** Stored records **

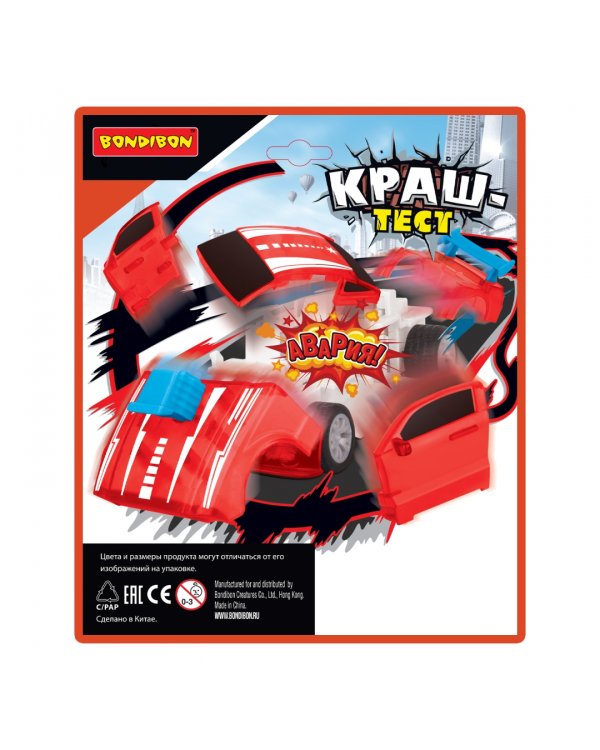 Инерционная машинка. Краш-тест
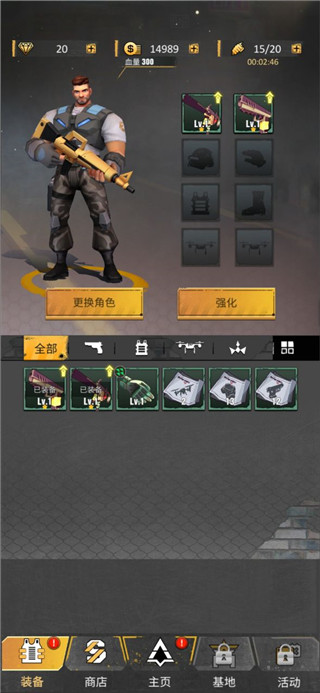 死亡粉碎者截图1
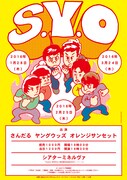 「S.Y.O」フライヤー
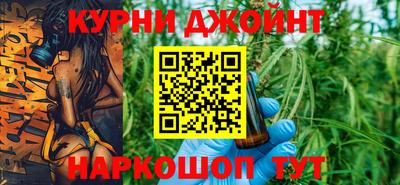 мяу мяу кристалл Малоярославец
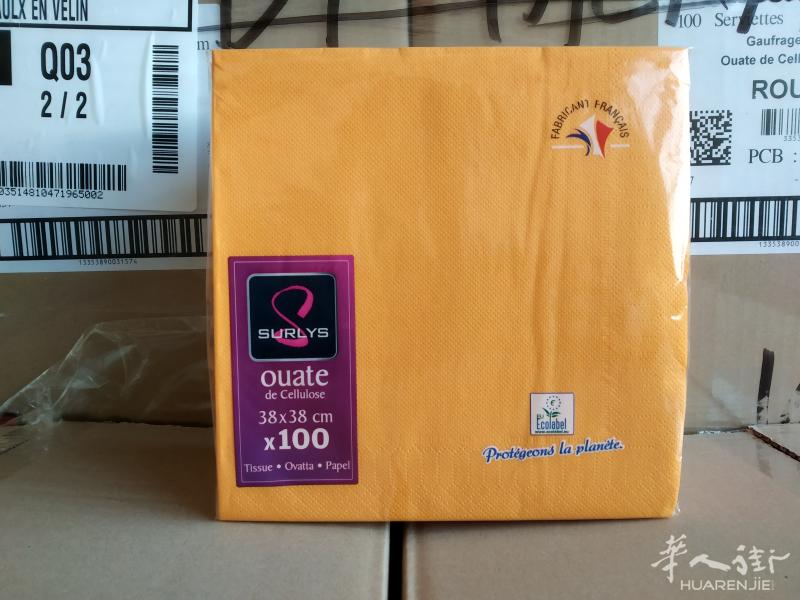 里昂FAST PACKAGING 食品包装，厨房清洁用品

** WORK REQUIRED **
Print out the records in full and exactly, dropping every picture.

** WRITTEN ANSWER **
 Инерционная машинка. Краш-тест
 死亡粉碎者截图1
 「S.Y.O」フライヤー
 мяу мяу кристалл Малоярославец
 里昂FAST PACKAGING 食品包装，厨房清洁用品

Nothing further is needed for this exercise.